Hearing loss is a major cause of disability:  in people over 70 years of age in the UK around two-thirds report some form of hearing loss.  The social and health consequences of hearing impairment are as considerable as the economic implications for care. There is strong evidence that several age-related chronic conditions, particularly cardiovascular disease (CVD), have their origins in early life and a shared aetiology between hearing impairment and CVD has been advanced in adults. Physical stature (height) captures exposure to early life psychosocial stress, adversity, somatic illness, and nutrition, and reveals an inverse relationship with CVD but studies on hearing impairment are very scarce.

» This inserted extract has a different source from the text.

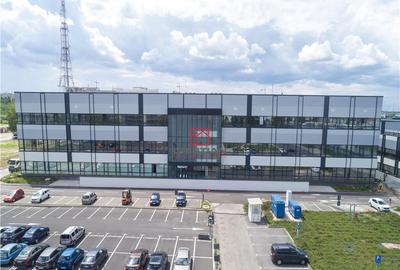 Spațiu comercial, de 800 mp, în Grozăvești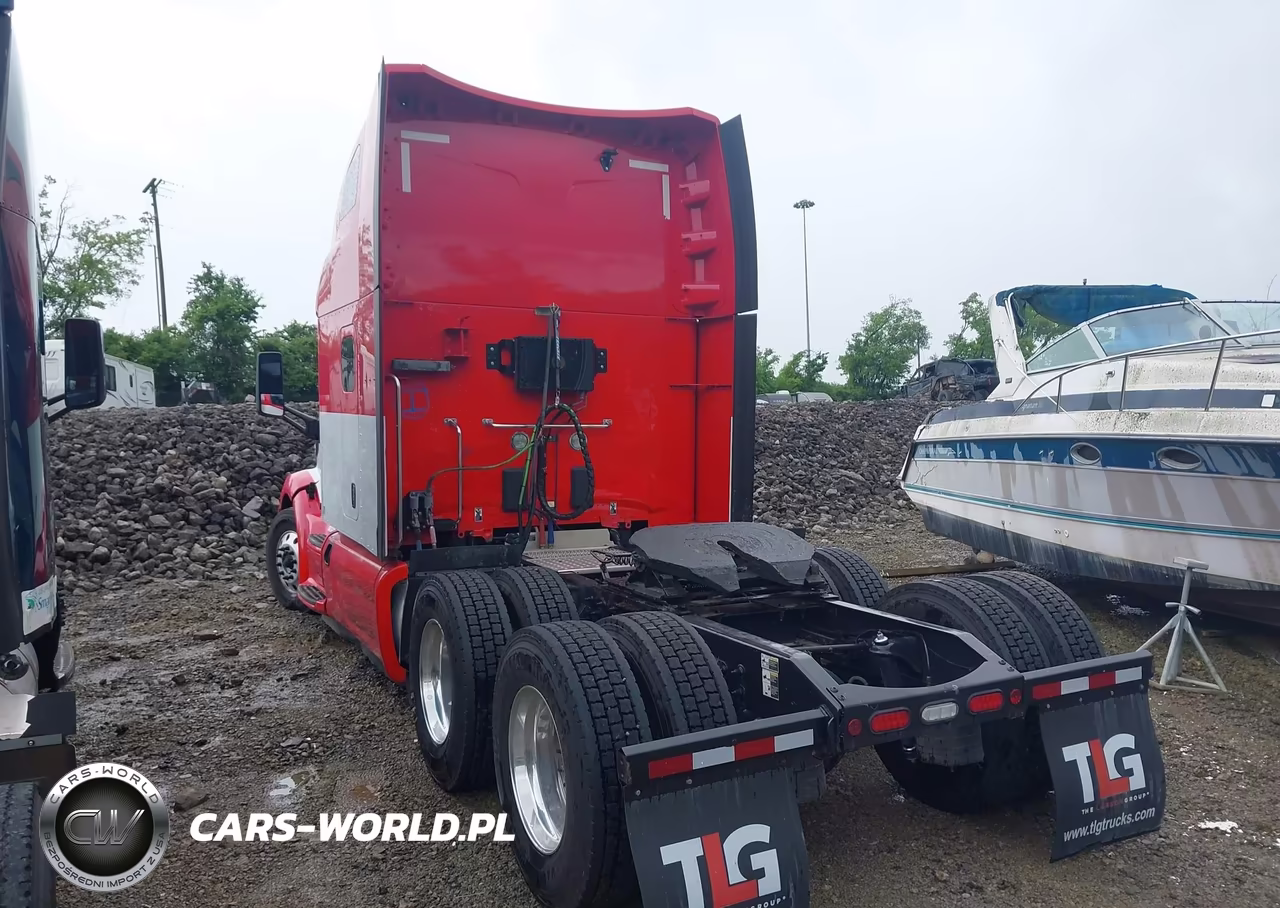 2021 Peterbilt 579 VIN:1XPBD49X4MD760675 - 3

We related measured height (mean measure at wave 4 [2008] and 6 [2012]) to performance on an objective hearing examination at wave 7 (2014).  In an analytical sample of 4,398 there were 1,682 cases (38%) of hearing impairment.  We found evidence of an inverse relationship between height and later hearing impairment, such that taller study members experienced a lower risk. The odds ratio (95% confidence interval) for the increase of 5cm in height in a fully adjusted model was 0.92 (0.87, 0.98).

While low height per se is of course not a risk factor for hearing impairment, it is more likely that one or more of the characteristics that it proxies – early life diet, illness, social adversity, cognition – has a role.  Future research should therefore attempt to relate these individual, prospectively gathered indicators in childhood populations to hearing impairment in later life.